Canada-based organic food company SunOpta has raised $85m from funds managed by Oaktree Capital Management to reduce its debt.
The company said that it will utilise the funds to repay its debt and to increase financial flexibility.
The investment also allows Oaktree the right to purchase up to 3 million shares of SunOpta common stock in the open market for a period of one year.
SunOpta board chairman Alan Murray said: "Given Oaktree's deep industry knowledge and operational expertise, we believe they are the ideal partner for SunOpta as we seek to strengthen the company's operations in a way that can reduce operational volatility and realize sustainable growth and value creation.

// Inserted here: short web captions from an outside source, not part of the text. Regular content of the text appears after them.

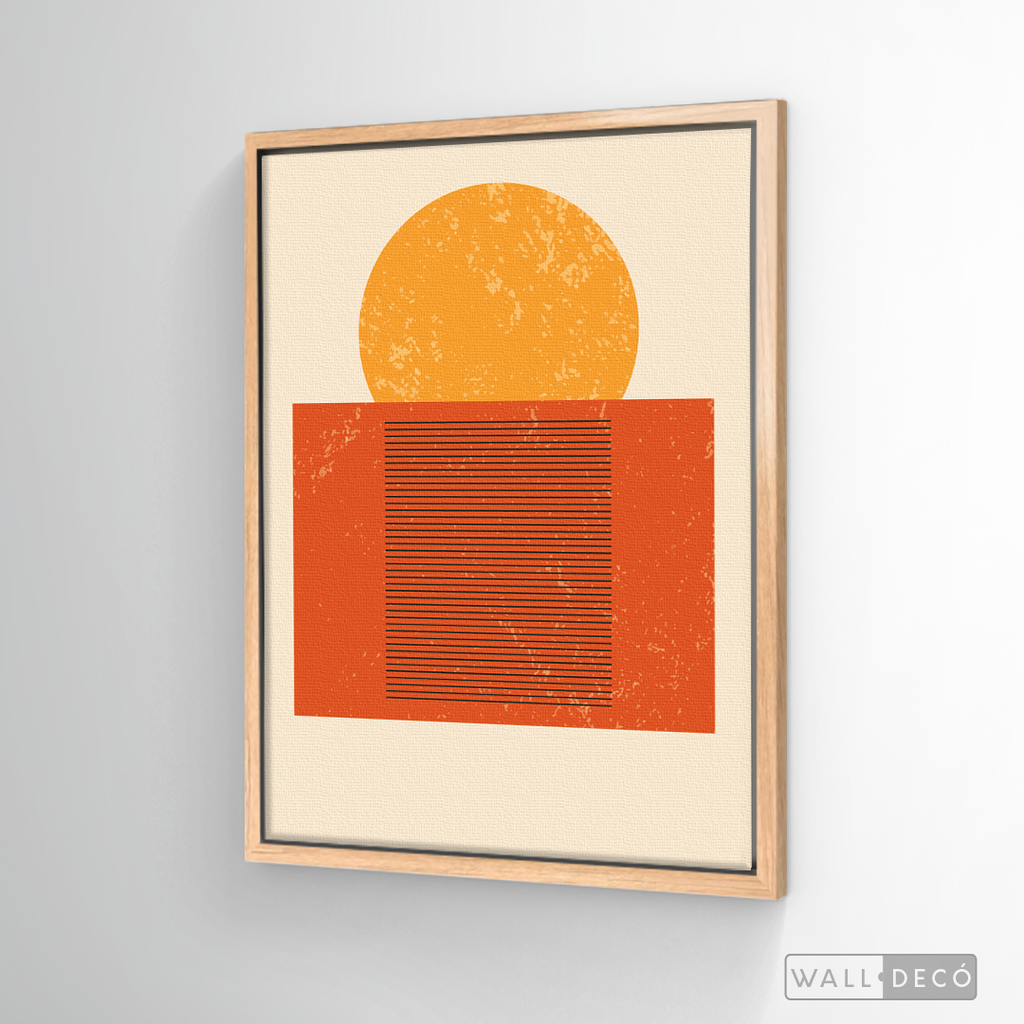 Cuadro Abstracto Minimal Sunset Orange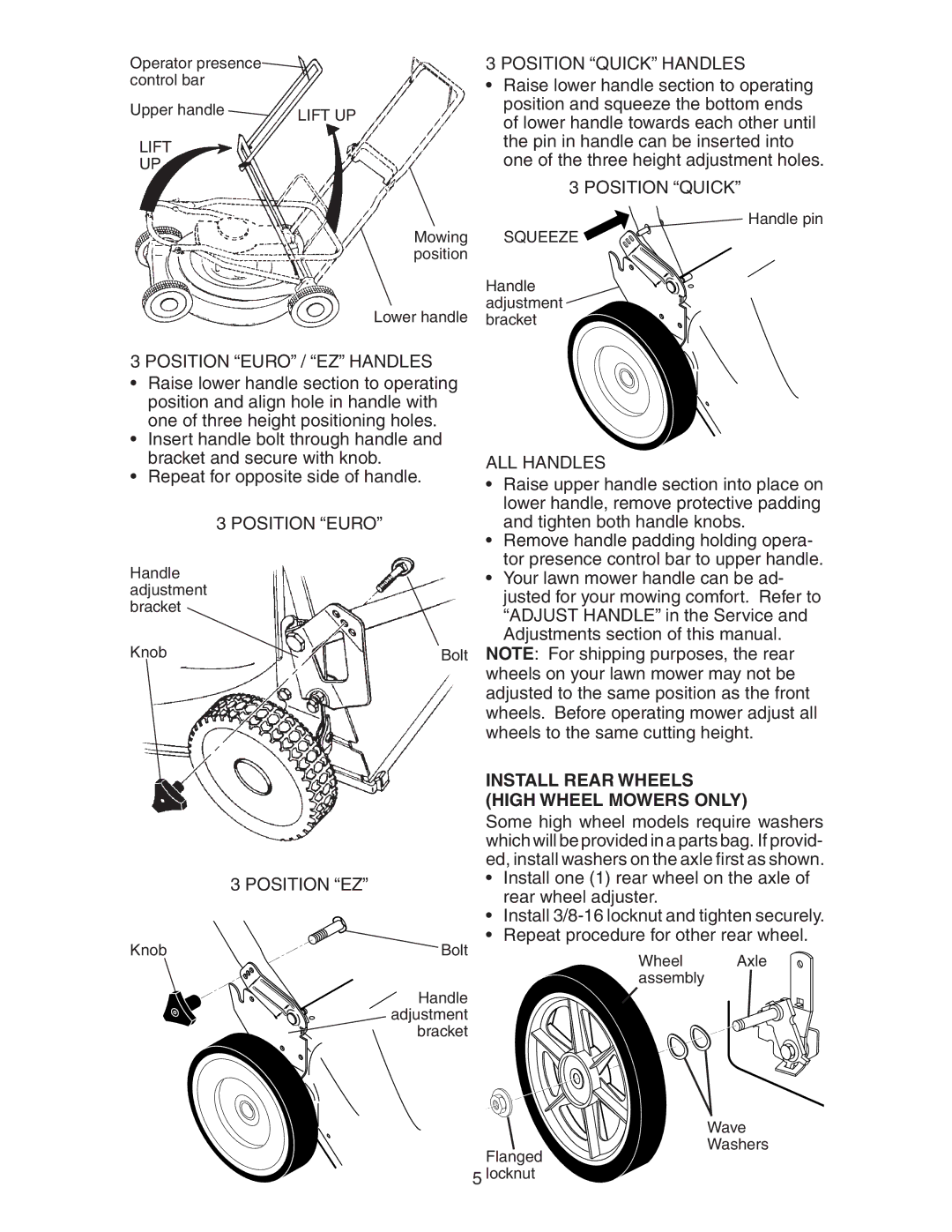 Poulan 172782 manual Install Rear Wheels High Wheel Mowers only 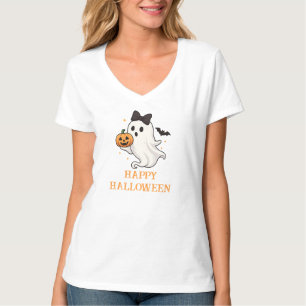 Cute Ghost med Bow and Pumpkin Halloween T Shirt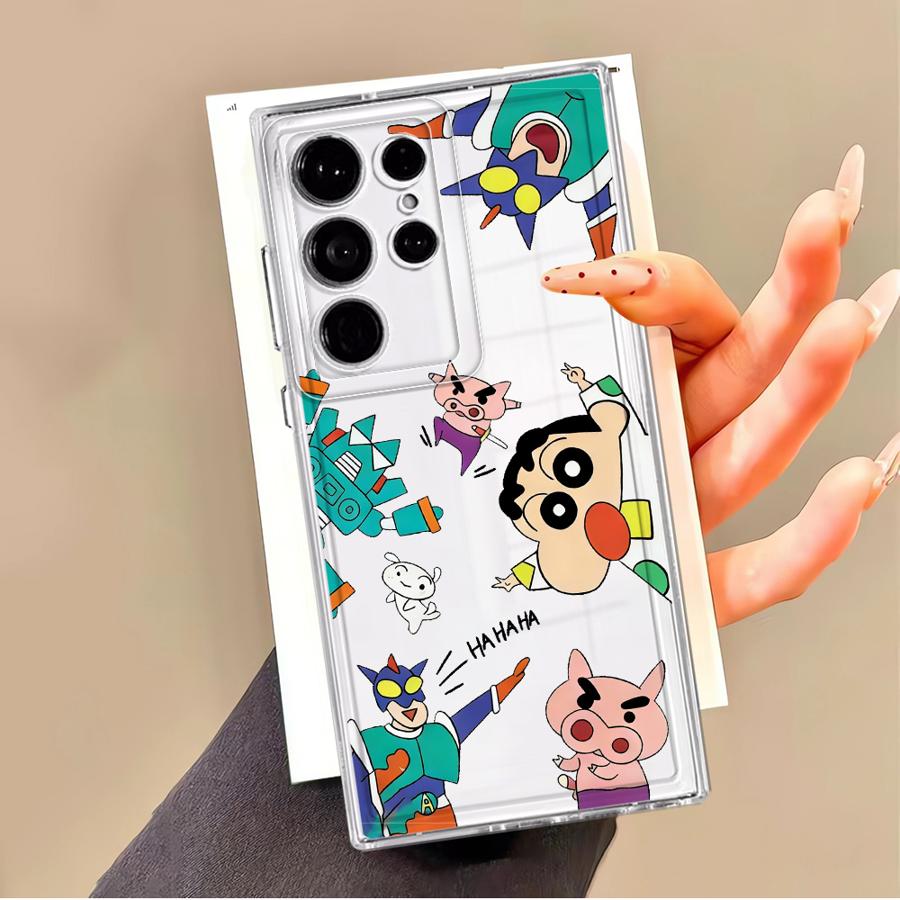 Cartoon Crayons Shinchan Phone Cover Case for Samsung Galaxy Note 20 Ultra 10 S22 FE S21 S24 S25 Edge S20 Plus S23 Ultra S26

“We believe this strategic option provides the highest risk adjusted return from the many options available and evaluated by the Board."
While Rothschild acted as financial advisor to SunOpta in the transaction, Davies Ward Phillips & Vineberg and Stoel Rives were its legal advisors.
In June, SunOpta roped in independent financial and legal advisors to support a review of its operating plan and evaluate a complete range of strategic and financial actions.
SunOpta said that it is partnering with representatives of Oaktree and with representatives of its second largest shareholder Engaged Capital to conduct a thorough review of its operations, management and governance.
Oaktree managing director and co-portfolio manager Matt Wilson said: “With its strong and diverse portfolio of products and having recently undergone a period of significant investment in the business, we believe SunOpta has a substantial opportunity for growth in the rapidly expanding market for healthy and organic foods.”
In October last year, SunOpta completed the acquisition of Sunrise Holdings from investor group led by Paine & Partners for $444m, as part of its strategy to expand its portfolio of frozen fruit and fruit ingredient processing operations.